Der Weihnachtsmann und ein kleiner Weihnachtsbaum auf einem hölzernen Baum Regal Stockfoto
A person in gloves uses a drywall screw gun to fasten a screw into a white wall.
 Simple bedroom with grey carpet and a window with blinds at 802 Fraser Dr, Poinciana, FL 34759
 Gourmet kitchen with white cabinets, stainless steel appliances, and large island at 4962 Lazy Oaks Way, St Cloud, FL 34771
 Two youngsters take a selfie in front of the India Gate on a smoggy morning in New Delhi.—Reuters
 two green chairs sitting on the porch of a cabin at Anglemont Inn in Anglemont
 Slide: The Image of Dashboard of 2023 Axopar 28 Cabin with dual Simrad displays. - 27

*****

Retype exactly the lines above, from the one with "Simple bedroom with" through the one with "Two youngsters take", inclusive.

 Simple bedroom with grey carpet and a window with blinds at 802 Fraser Dr, Poinciana, FL 34759
 Gourmet kitchen with white cabinets, stainless steel appliances, and large island at 4962 Lazy Oaks Way, St Cloud, FL 34771
 Two youngsters take a selfie in front of the India Gate on a smoggy morning in New Delhi.—Reuters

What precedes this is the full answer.